As we all know, nothing falls out of fashion like fashion. History has relegated thousands of adornments to the ash bin, from togas to bustles to turbans. Yet, somehow these "glad rags" always manage to stage comebacks, sneaking into our modern wardrobes in various guises. Once-fashionable words, on the other hand, have far less comeback savvy. Once a word or phrase is regarded as passé, it usually stays on the "Don't" list forever, with little hope for redemption. It seems dreadfully unfair, but as our grandparents used to say, "That's just the way the cookie crumbles."

Over the decades, centuries, and millennia, thousands of entertaining, poignant, mischievous, and brilliant expressions have been birthed by cultural vogues and just as quickly fallen victim to them as well. Some of the rejects are far more nuanced and descriptive than the modern words and idioms conjured up to take their places--and in many cases, no satisfying substitute has been offered up at all.

Clearly, then, we must take action. The mission of my book, Let's Bring Back: The Lost Language Edition, is to revive and preserve hundreds of perfectly delightful words, phrases, idioms, and other literary flourishes from bygone eras. The restoration of these terms is not merely a quirky, history-minded pastime; rather, it's a necessary act of intervention to help us disadvantaged modern creatures express ourselves cleverly and with flair once again.

Thumbing through historical slang and idiom dictionaries, it is astonishing to see how many thousands of centuries-old expressions are still in regular use today. Let's Bring Back: The Lost Language Edition concentrates on lost or now-underused words, but research for this book showed that other lucky words--for whatever reason--have enjoyed remarkable staying power. As we casually utter these phrases, we often know nothing about their inception and evolution; we have no concept of how they made their way into our personal vocabularies in the first place. Who can remember the first time they were instructed not to "cry over spilled milk" or told about "the school of hard knocks"? These phrases just seem to have always surrounded us as naturally as the air we breathe. But they were taught to our parents by their parents and so on down the line, sometimes as far back as a dozen generations, and often boast surprising origins.

It's also fascinating to discover how many different meanings a single word can accrue over the years. For example, most of us likely associate the word "groovy" with 1960s flower children and hippies; but had you hollered out the word a century earlier, your contemporaries would have thought that you were talking about a sardine.

From a certain point of view, however, in the world of words, the more things change, the more they stay the same. Perusing the vocabularies of generations past, you realize that the same types of people and situations existed in ancient Rome or Elizabethan England that surface in contemporary New York City or Los Angeles--or Beaver Creek, Montana, for that matter. Human vocabulary may have changed, but human behavior has not.

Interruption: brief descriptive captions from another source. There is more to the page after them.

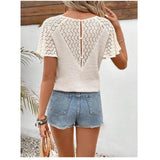 V-neck Lace Temperament Commuter Loose Casual Knitted Short-4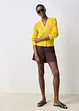 Hullstrikket cardigan med lin, bonprix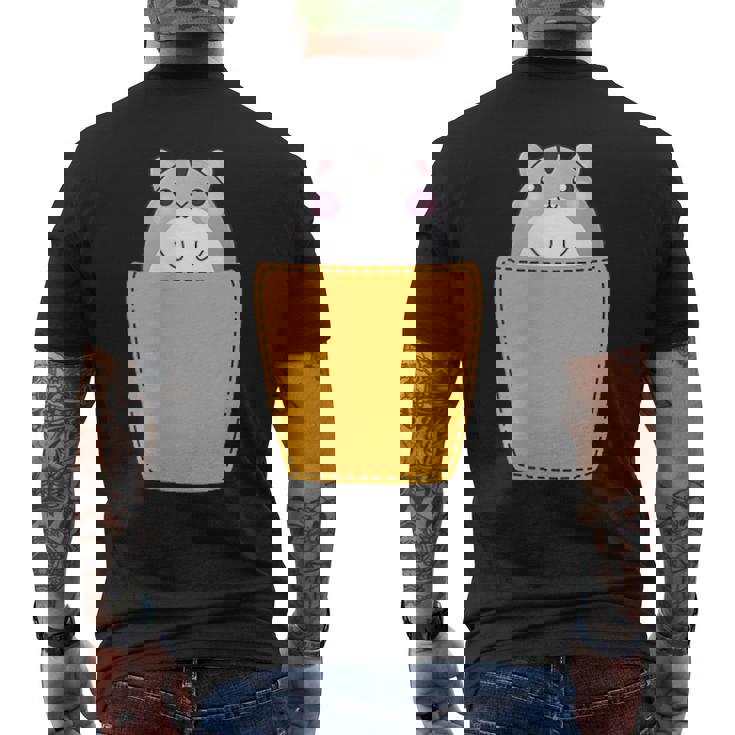 胸ポケットにハムスター メンズTシャツ バックプリント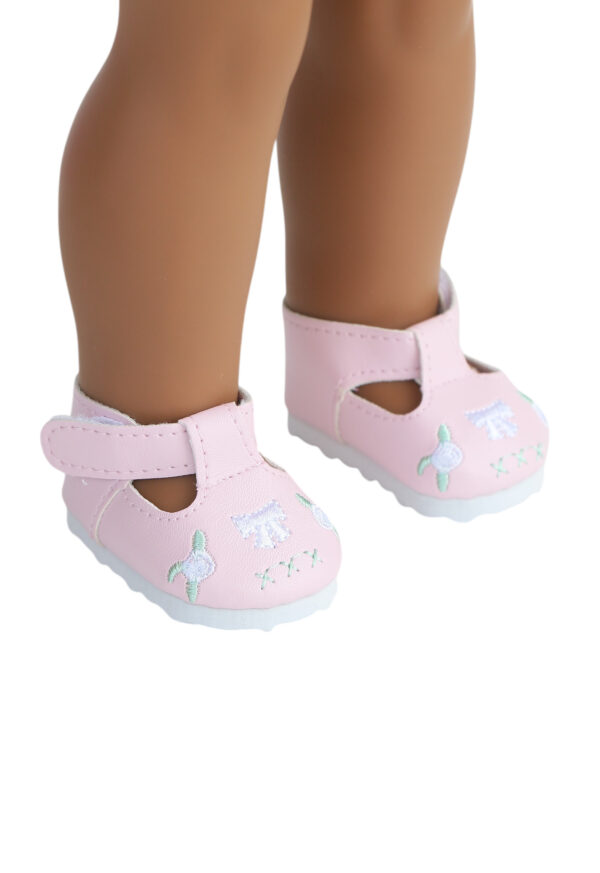 15" & 18" doll pink embroidered mary janes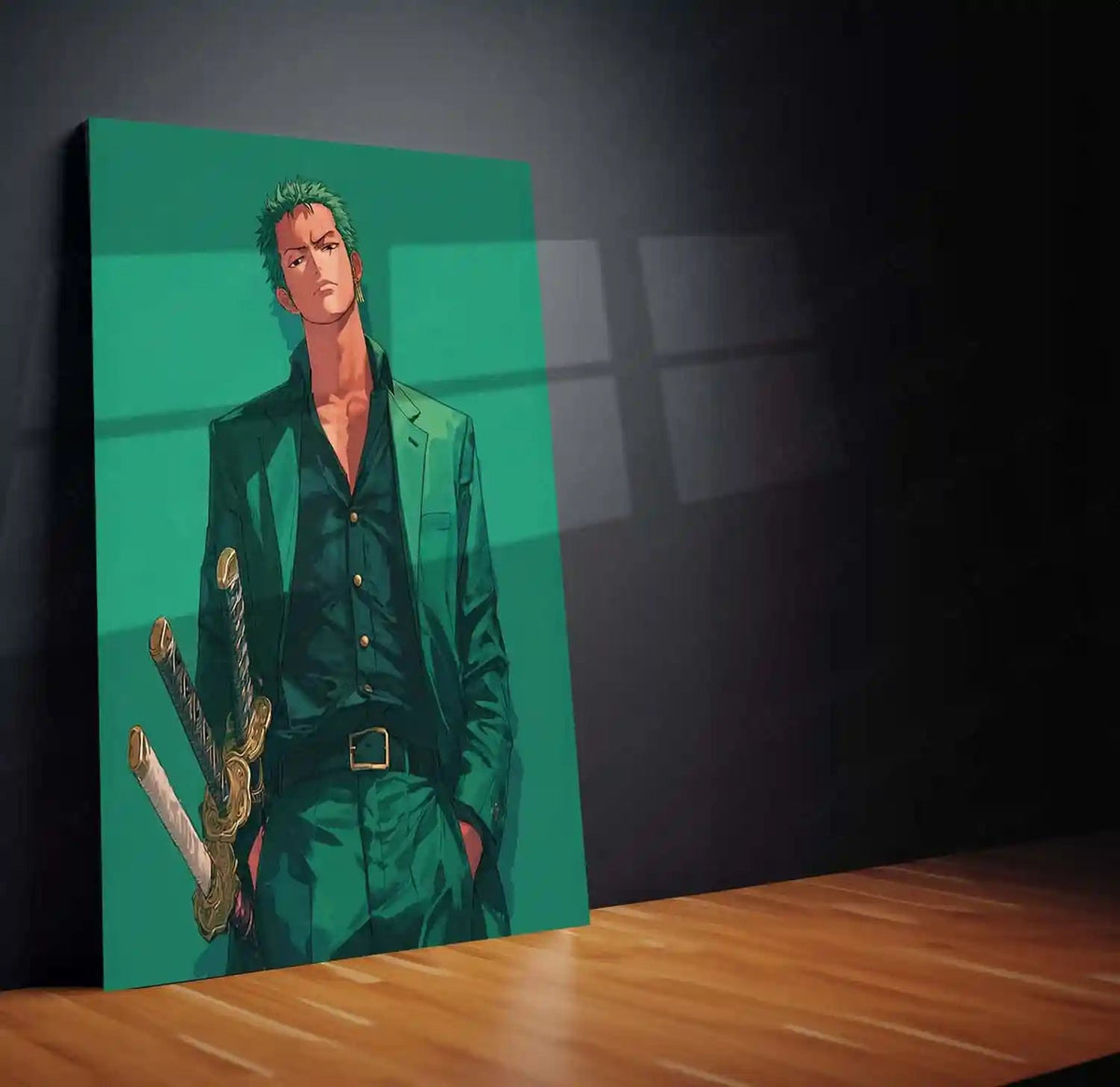 Anime Metal Poster | Roronoa Zoro – Swordmaster Metal Poster | One Piece Anime Wall Frame | Three-Sword Style Art 01 - TURTLEWINGS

People "got out of the wrong side of the bed" in Caesar's day; the world has always been riddled with "knaves," "seek-sorrows," "gadabouts," "whipsters," and "dandiprats." Amorous couples have "firkytoodled" for years, and "ribs" (wives) have given "curtain lectures" (chastisements issued to world-weary husbands at bedtime) for millennia. Revisiting the vernaculars of bygone eras--even the forgotten parts of those vernaculars--can provide a sense of continuity, even camaraderie, with our ancestors, whom we resemble in so many ways.